### YOUR TASK
Leave out all pictures. Return exactly the lines from the top of the material through the line containing "Runden spiegel Streifenmuster".

### RECORDS FOR PROCESSING
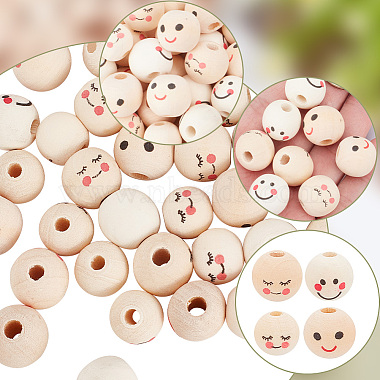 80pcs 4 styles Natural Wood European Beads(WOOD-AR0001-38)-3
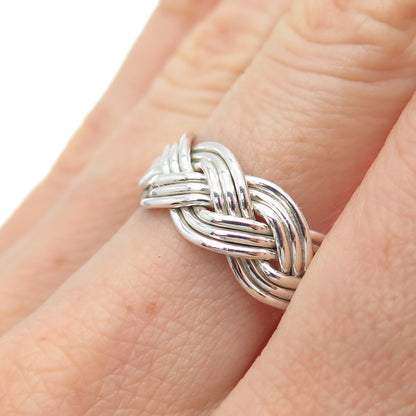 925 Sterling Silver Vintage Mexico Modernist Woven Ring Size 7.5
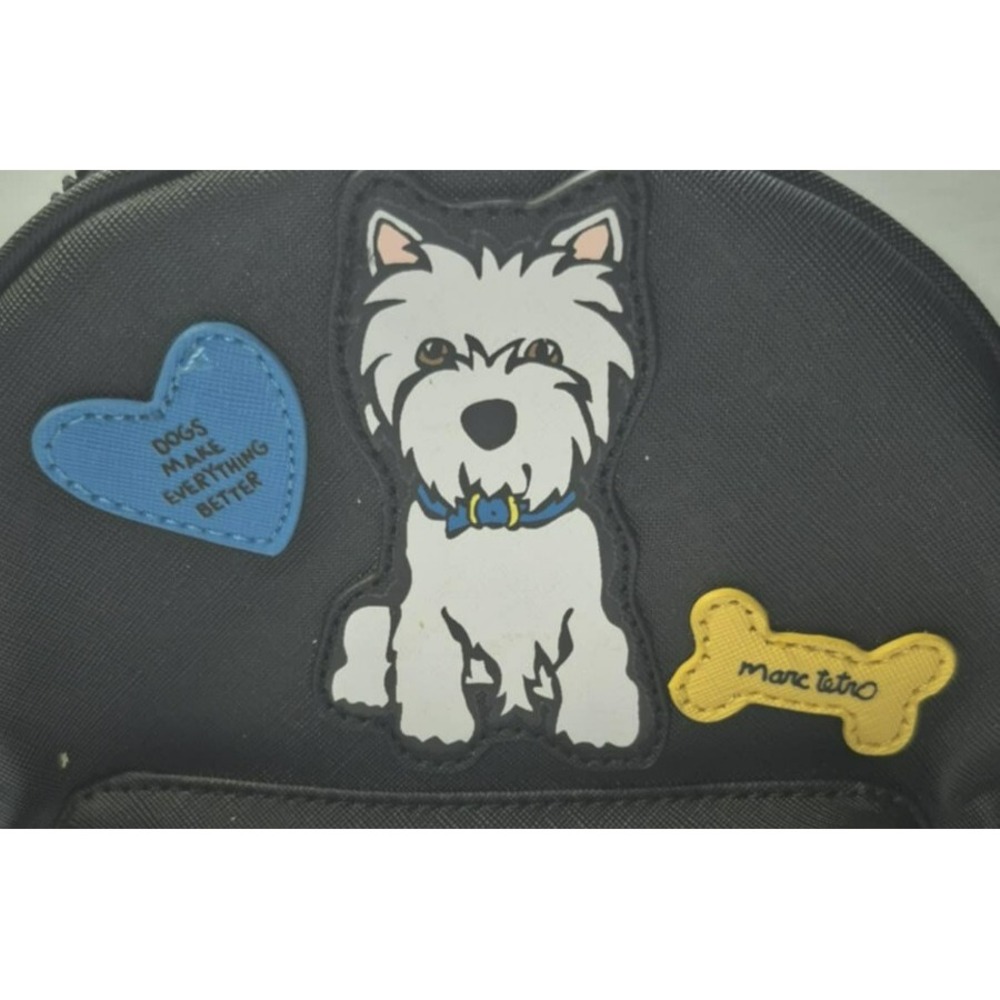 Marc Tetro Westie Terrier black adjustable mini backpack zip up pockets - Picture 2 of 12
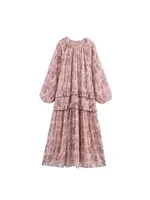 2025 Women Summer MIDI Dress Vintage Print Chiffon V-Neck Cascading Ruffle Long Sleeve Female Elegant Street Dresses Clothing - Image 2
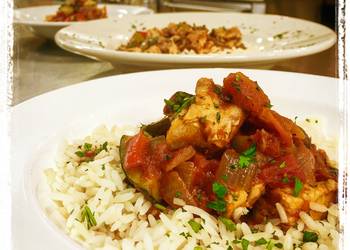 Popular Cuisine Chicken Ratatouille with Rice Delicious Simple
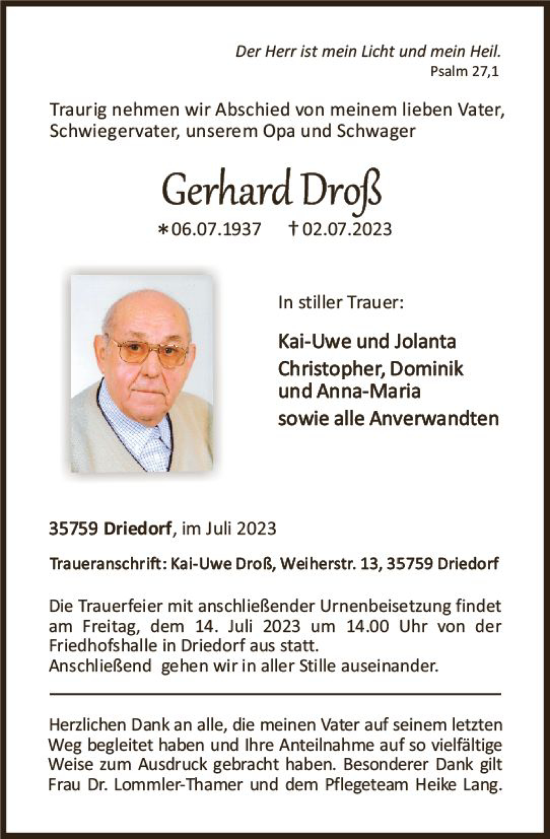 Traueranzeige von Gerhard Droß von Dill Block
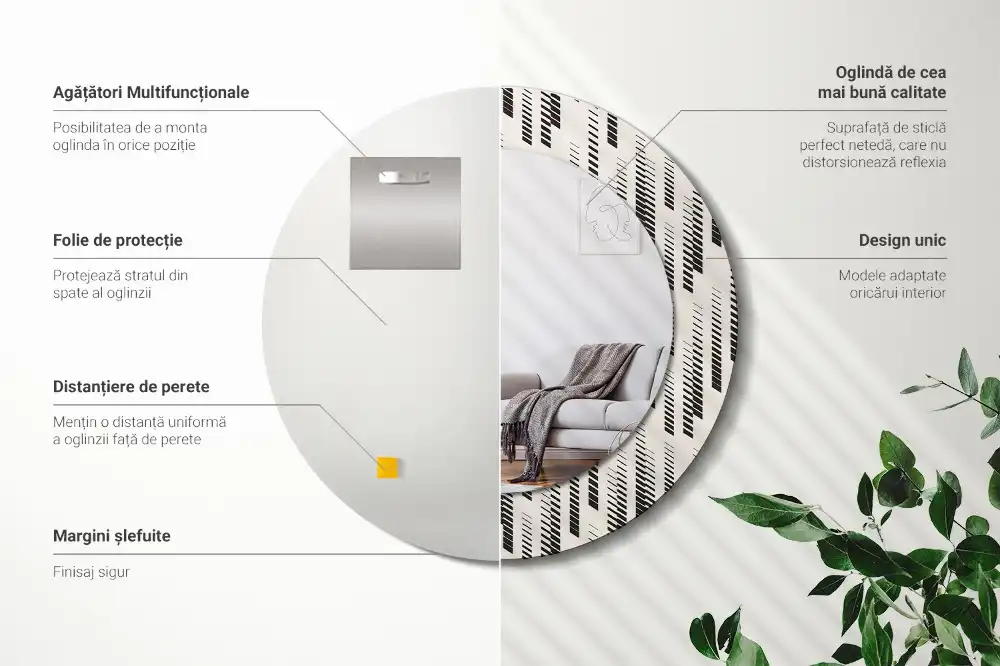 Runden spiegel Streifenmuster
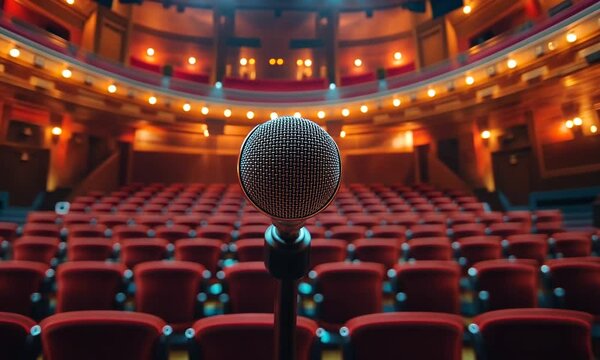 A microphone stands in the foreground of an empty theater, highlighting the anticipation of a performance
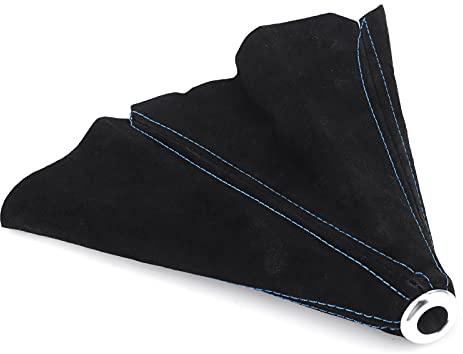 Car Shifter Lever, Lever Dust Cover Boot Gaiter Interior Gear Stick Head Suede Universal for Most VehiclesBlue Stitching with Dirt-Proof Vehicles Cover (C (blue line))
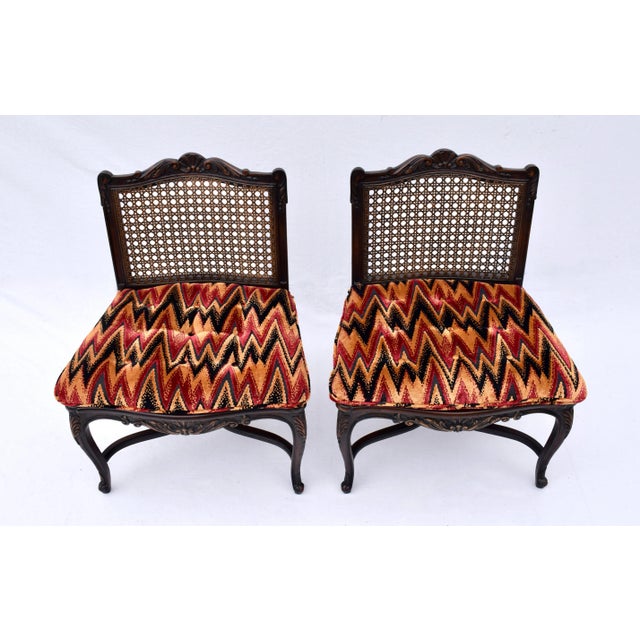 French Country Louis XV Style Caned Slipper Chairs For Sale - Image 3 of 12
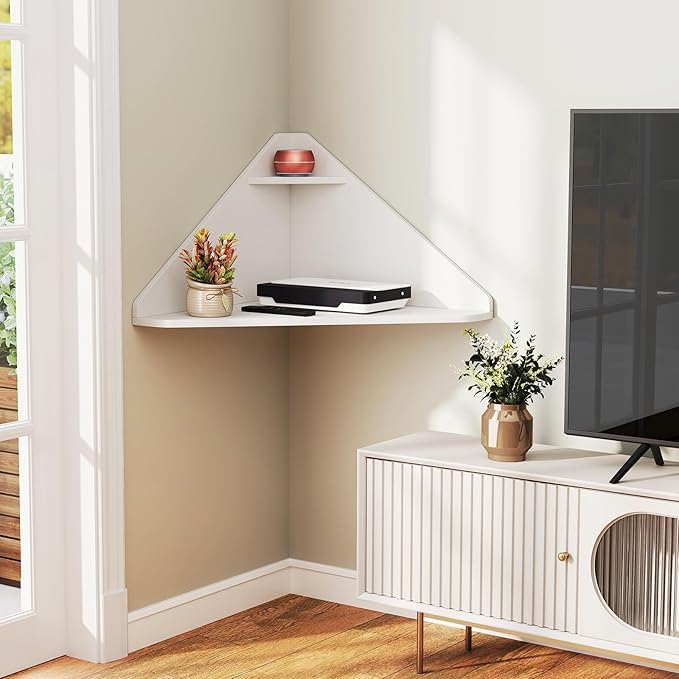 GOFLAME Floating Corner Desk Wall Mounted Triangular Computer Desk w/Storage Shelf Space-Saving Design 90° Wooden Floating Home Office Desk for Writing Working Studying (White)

### ANSWER BOX
 80pcs 4 styles Natural Wood European Beads(WOOD-AR0001-38)-3
 925 Sterling Silver Vintage Mexico Modernist Woven Ring Size 7.5
 Marc Tetro Westie Terrier black adjustable mini backpack zip up pockets - Picture 2 of 12
 2025 Women Summer MIDI Dress Vintage Print Chiffon V-Neck Cascading Ruffle Long Sleeve Female Elegant Street Dresses Clothing - Image 2
 Popular Cuisine Chicken Ratatouille with Rice Delicious Simple
 Traueranzeige von Gerhard Droß von Dill Block
 Runden spiegel Streifenmuster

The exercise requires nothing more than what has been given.